Shakiel Thompson

Personal information
- Nickname: Dr Steel
- Born: 19 April 1997 (age 29) Sheffield, Yorkshire, England
- Height: 6 ft 3 in (191 cm)
- Weight: Middleweight

Boxing career
- Stance: Southpaw

Boxing record
- Total fights: 16
- Wins: 15
- Win by KO: 11
- Losses: 1

= Shakiel Thompson =

English boxer (born 1997)

Shakiel Thompson (born 19 April 1997) is an English professional boxer.
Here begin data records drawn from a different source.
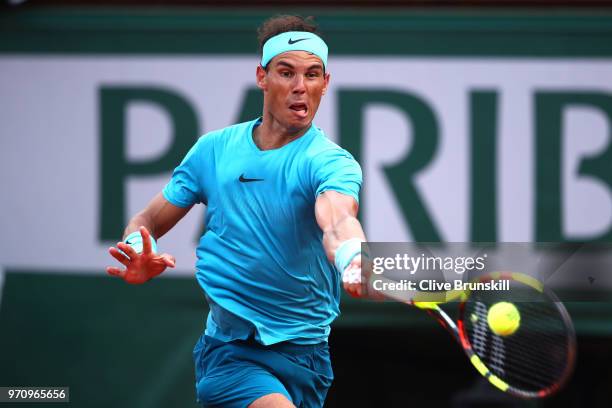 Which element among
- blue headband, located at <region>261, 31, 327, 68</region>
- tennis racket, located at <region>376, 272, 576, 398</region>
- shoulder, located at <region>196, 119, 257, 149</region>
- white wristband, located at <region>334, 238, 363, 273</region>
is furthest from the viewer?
shoulder, located at <region>196, 119, 257, 149</region>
He has held the IBF European and WBO Global middleweight titles.

==Career==
Thompson made his professional boxing debut at the DoubleTree Hilton Hotel in Sheffield on 12 October 2018, stopping Geiboord Omier just 42 seconds into the first of their scheduled four-round contest.

Having amassed a perfect record of 11 wins from 11 pro-fights, he claimed the vacant IBF European and WBO Global middleweight titles with an eighth round stoppage win over Bulgarian boxer Vladimir Georgiev at the Magna Centre in Rotherham on 20 April 2024.

Thompson made the first defense of his titles against River Wilson-Bent at Park Community Arena in Sheffield on 27 September 2024. He knocked his opponent to the canvas four times before the referee halted the bout in the third round.

Returning to Park Community Arena for his next outing, he stopped David Benitez in the fourth round of a non-title eight-round contest on 7 February 2025.

Fighting at the same venue for the third outing in a row in another non-title bout, Thompson stopped Grant Dennis in the second of their scheduled eight round match-up on 27 September 2025.

In October 2025, he signed with Frank Warren's Queensbury Promotions.

Thompson was scheduled to face Brad Pauls at Co-op Live in Manchester on 26 January 2026. However, the fight was postponed when headliner, Moses Itauma, suffered an injury less than two weeks before the event, with the entire card being put back to take place at the same venue on 28 March 2026. When the bout, which was for the vacant IBF International middleweight title, eventually took place, Thompson lost by stoppage in the ninth round to suffer his first defeat as a professional.